Argument: sociologists not aware when they are gentrifiers

Two sociologists have published a paper that suggests some sociologists are gentrifiers themselves even as they critically address gentrification:

Few groups, Schlichtman contends, are more hypocritical than urbanists discussing gentrification. As he and fellow sociologist Jason Patch write in a rather unusual article in the International Journal of Urban and Regional Research, “many (dare we say most — ‘mainstream’ and critical) urbanists are gentrifiers themselves.” They mean this is an academic context, although the charge could reasonably be applied more broadly.

The point is not that these sociologists should stop talking about and researching the process of gentrification, but rather that they could do so with a self-awareness that might lead to a more nuanced understanding of what the word really means. Schlichtman and Patch, themselves, are owning up to the label. (The title of their article: “Gentrifier? Who Me? Interrogating the Gentrifier in the Mirror.”)…

Sociologists have backed themselves into a theoretical corner, he argues, with the caricature of the middle-class, latte-drinking urban pioneer whose inevitable taste for wine bars and boutiques drives up the rent and drives out the poor. If any middle-class presence in a diverse neighborhood is evidence of gentrification, he and Patch write, then it’s impossible for a middle-class person not to gentrify. “Is there any room,” they wonder, “for an ethical housing choice by the middle class?”

Is it necessarily unethical for a white middle-class family that wants to live in a racially and economically diverse neighborhood to move into one? How should that family reconcile that its presence on the block may signal unwelcome change to neighbors? As we’ve previously written, the idea of fair housing is as much about opening up high-opportunity neighborhoods to low-income people as it is enabling new investment in traditionally disinvested places, some of which will encourage new families to move in.

This leads me to a few thoughts:

1. I’m not sure there is much publishing space for sociologists to reflect on their own actions or own identities. For example, anthropologists are often open about their own personal backgrounds when writing an ethnography but sociologists are more tight-lipped. Perhaps this has to do with sociology’s more scientific aspirations.

2. I’ve seen how this plays out when talking about McMansions around sociologists. In that case, they are often quick to distance themselves from such homes.

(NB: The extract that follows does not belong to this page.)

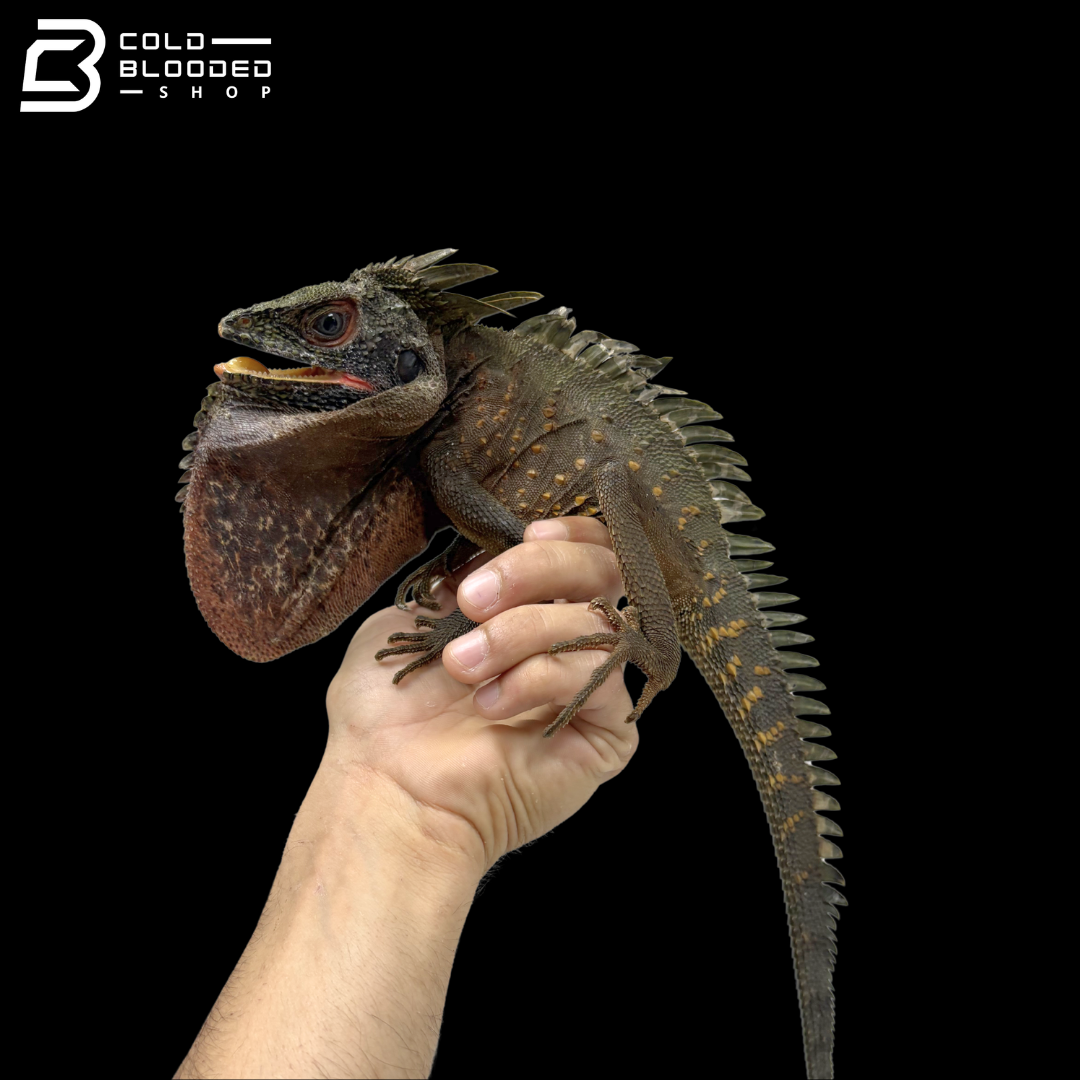 Green Crowned Forest Dragon - Lophosaurus Dilophus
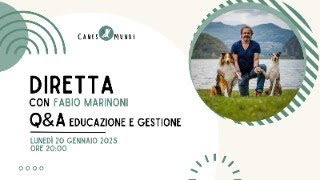 Serata Consigli Educativi [Q\u0026A Educazione e Gestione]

3. What exactly do sociologists think about the middle class? Take the middle class choosing (or being pushed toward by policies and powerful interests) suburbia: this has been criticized by all sorts of academics for decades. What about the values and cultural preferences of the middle class? I remember one sociologist suggesting to a class that if they wanted to interact with regular Americans, they should go to Walmart. But, how many sociologists would want to go to Walmart or shop there themselves?